2008-03-07 Thread Mihai Tanasescu

Joerg Bruehe wrote:

Hi Mihai, all !


Mihai Tanasescu wrote:

Hello all,


I have a quite silly question I guess but it's been bugging me up 
recently.



A client has just acquired a SAN for his servers.
Between these servers he also has 2 mysql ones.

What would happen if I were to define a single shared disk on the SAN
and I place both Mysqls to work in the same directory on the SAN ?


If you do just this:
You would be asking for trouble - and you would get it.

(Assuming your operating systems can handle this - an operating system 
managing a file system, space allocation etc, has similar issues as a 
DBMS managing its data.)


What would be the purpose of such a setup ?
The MySQL way to use multiple machines is scale out, which means you 
split your data across the servers (typically by application), or 
replication (master/slave setup).





[[...]]

Please explain if you had a similar curiosity in the past or
experimented (either with SAN, NFS, Group Filesystem, etc and same
installation/working directory for several Mysql instances)

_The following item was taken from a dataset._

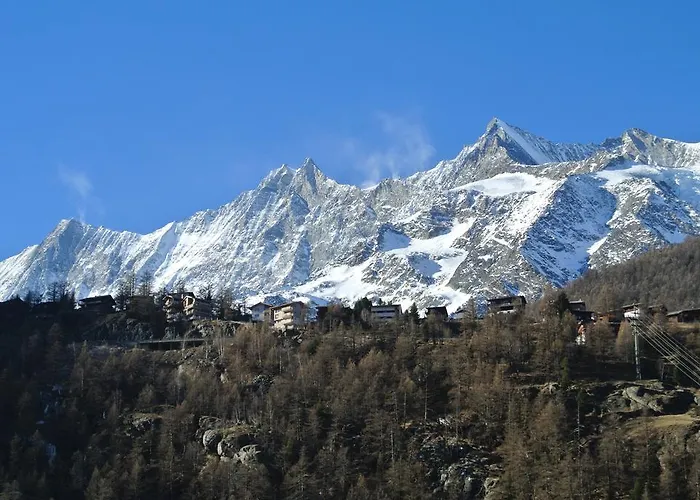 Christitia Dağ evi *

The key to database performance is caching:
You want to reduce disk accesses, and would like to never wait for 
them (read ahead into cache, write behind).
This goal is limited by your needs for stable storage (committed 
transactions must be logged, so that they can be reconstructed) if you 
use a transaction-oriented handler, but it is still a goal.


So you would love if your server could answer all queries from its 
cache, and just write the changes to disk at some convenient time.


If two servers follow this approach on a shared disk, ...
Figure yourself !


The only way to avoid such trouble would be to have servers which are 
aware of the situation and then add cross-server synchronization 
mechanisms to solve (or prevent) any conflicts.
MySQL of course does this for parallel threads within the same server 
instance, but (by default) not across machines.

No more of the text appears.